I have several JSON files with nested data. Utilizing Python, I was able to use pandas
to help with that:
import pandas as pd
df = pd.read_json (r'data.json')
export_csv = df.to_csv (r'data.csv', index = None, header=True)
However, this only works for simple JSON files. The ones I have are complex with nested arrays and some of the JSON data is merged under the columns. For example, if we're going to use this sample data:
data.json
[
{
"id": 1,
"name": {
"english": "Bulbasaur",
"french": "Bulbizarre"
},
"type": [
"Grass",
"Poison"
],
"base": {
"HP": 45,
"Attack": 49,
"Defense": 49
}
},
{
"id": 2,
"name": {
"english": "Ivysaur",
"french": "Herbizarre"
},
"type": [
"Grass",
"Poison"
],
"base": {
"HP": 60,
"Attack": 62,
"Defense": 63
}
}
]
The result ends up like the following:
You can see that any array past the first level is showing it in JSON (e.g. {'english': 'Bulbasaur', 'french': 'Bulbizarre'}
). Ideally, it should break those child arrays into a column with the name of the element:
On top of that, the other JSON files have different element names and order.
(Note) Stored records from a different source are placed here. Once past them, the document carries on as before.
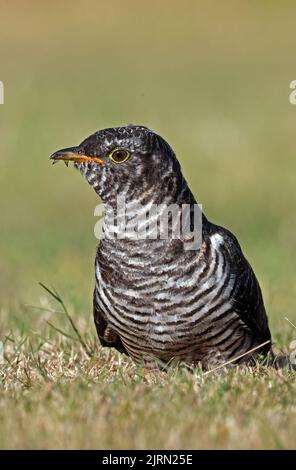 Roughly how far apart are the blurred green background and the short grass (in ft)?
0.13

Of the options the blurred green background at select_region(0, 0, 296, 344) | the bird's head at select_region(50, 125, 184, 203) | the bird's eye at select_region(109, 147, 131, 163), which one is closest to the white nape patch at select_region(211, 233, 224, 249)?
the bird's head at select_region(50, 125, 184, 203)

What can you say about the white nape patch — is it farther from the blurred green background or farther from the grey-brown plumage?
the blurred green background

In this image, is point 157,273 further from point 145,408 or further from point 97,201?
point 97,201

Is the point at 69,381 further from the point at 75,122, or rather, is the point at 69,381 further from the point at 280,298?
the point at 75,122

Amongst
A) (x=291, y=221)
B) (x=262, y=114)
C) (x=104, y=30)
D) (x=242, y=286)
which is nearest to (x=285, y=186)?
(x=291, y=221)

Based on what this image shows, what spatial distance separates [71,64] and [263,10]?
689 cm

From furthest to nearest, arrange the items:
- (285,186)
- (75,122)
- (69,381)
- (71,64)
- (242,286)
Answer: (71,64) → (75,122) → (285,186) → (242,286) → (69,381)

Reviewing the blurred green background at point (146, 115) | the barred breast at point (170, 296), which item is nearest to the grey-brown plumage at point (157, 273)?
the barred breast at point (170, 296)

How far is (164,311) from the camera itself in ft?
18.3

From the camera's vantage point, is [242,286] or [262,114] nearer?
[242,286]

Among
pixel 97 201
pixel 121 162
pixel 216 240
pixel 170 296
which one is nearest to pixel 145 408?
pixel 170 296

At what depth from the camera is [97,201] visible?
1481cm

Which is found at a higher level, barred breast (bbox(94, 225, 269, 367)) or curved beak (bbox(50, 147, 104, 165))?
curved beak (bbox(50, 147, 104, 165))

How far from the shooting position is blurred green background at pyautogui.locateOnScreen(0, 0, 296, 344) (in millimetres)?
11805
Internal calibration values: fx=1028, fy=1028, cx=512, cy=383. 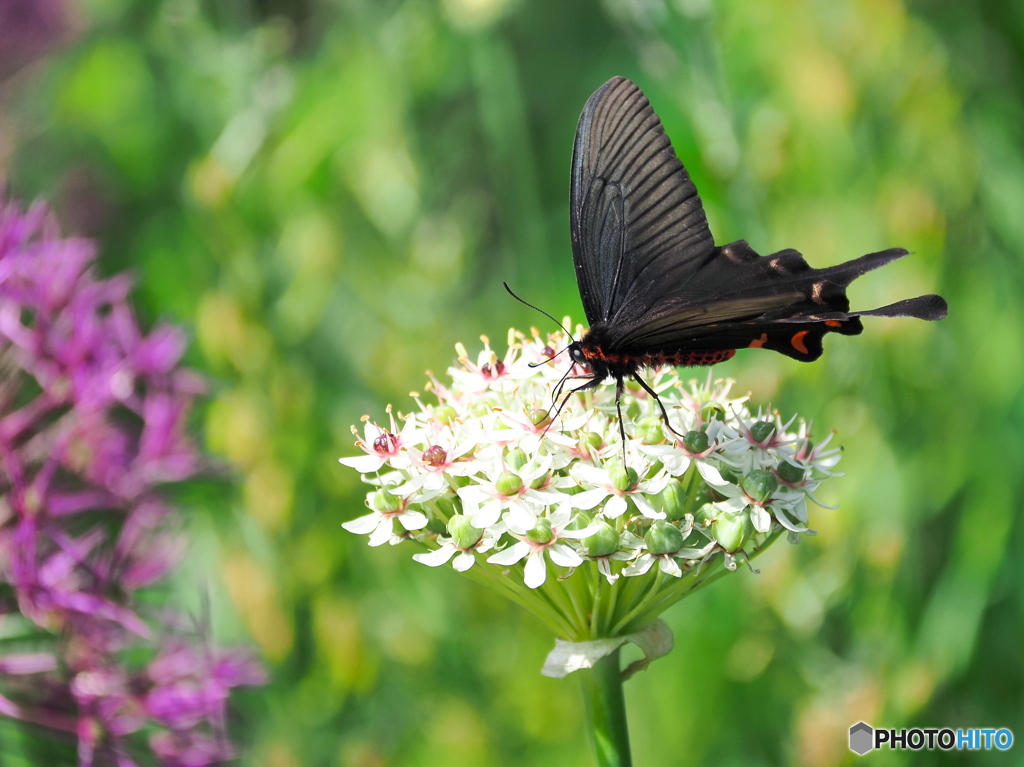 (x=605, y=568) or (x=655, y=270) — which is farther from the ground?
(x=655, y=270)

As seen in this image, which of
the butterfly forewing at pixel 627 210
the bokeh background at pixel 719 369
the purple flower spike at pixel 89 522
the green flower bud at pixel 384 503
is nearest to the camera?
the green flower bud at pixel 384 503

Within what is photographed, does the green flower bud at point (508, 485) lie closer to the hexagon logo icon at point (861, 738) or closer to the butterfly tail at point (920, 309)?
the butterfly tail at point (920, 309)

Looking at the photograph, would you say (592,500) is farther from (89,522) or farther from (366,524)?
(89,522)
Therefore, the script should catch all of the different element names and then convert them into CSV columns.
How can I achieve this?
check out flatten_json
from flatten_json import flatten
dic = [
{
"id": 1,
"name": {
"english": "Bulbasaur",
"french": "Bulbizarre"
},
"type": [
"Grass",
"Poison"
],
"base": {
"HP": 45,
"Attack": 49,
"Defense": 49
}
},
{
"id": 2,
"name": {
"english": "Ivysaur",
"french": "Herbizarre"
},
"type": [
"Grass",
"Poison"
],
"base": {
"HP": 60,
"Attack": 62,
"Defense": 63
}
}
]
dic_flattened = (flatten(d, '.') for d in dic)
df = pd.DataFrame(dic_flattened)
Output:
id name.english name.french type.0 type.1 base.HP base.Attack base.Defense
0 1 Bulbasaur Bulbizarre Grass Poison 45 49 49
1 2 Ivysaur Herbizarre Grass Poison 60 62 63